[[ RAW DATA, beginning ]]

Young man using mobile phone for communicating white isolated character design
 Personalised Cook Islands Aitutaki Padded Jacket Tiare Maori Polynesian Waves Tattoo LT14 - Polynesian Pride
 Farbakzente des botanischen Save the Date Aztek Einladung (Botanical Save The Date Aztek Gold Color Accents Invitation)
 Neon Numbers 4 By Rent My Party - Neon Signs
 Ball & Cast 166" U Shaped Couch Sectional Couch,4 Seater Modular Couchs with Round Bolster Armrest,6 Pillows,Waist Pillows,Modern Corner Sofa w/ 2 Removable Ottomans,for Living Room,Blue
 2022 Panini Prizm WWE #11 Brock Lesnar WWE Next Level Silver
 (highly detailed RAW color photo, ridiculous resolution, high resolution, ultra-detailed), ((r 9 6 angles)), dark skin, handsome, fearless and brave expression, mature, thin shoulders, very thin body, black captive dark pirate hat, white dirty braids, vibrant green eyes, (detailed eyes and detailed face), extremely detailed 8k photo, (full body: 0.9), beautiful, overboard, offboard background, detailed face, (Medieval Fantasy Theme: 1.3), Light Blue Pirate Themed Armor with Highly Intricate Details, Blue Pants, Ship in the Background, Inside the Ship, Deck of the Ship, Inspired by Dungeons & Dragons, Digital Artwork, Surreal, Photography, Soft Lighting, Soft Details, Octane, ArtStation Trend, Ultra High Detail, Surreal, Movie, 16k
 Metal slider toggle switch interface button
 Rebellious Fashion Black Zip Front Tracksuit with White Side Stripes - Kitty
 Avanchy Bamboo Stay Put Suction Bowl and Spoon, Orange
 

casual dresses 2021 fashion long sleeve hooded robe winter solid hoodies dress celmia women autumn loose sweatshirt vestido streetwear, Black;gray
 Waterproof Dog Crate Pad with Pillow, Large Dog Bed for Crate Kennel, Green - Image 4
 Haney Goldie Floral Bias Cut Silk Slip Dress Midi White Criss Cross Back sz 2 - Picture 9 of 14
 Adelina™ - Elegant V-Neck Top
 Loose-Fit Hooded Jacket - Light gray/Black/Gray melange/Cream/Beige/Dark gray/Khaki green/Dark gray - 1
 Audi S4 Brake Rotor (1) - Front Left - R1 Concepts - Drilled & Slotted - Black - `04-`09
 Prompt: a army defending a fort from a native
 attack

[[ RAW DATA, end ]]

REQUIRED ACTION -
Please transcribe the records exactly from their first line through the line holding "Farbakzente des botanischen", and leave out all others.

RESULT BELOW -
Young man using mobile phone for communicating white isolated character design
 Personalised Cook Islands Aitutaki Padded Jacket Tiare Maori Polynesian Waves Tattoo LT14 - Polynesian Pride
 Farbakzente des botanischen Save the Date Aztek Einladung (Botanical Save The Date Aztek Gold Color Accents Invitation)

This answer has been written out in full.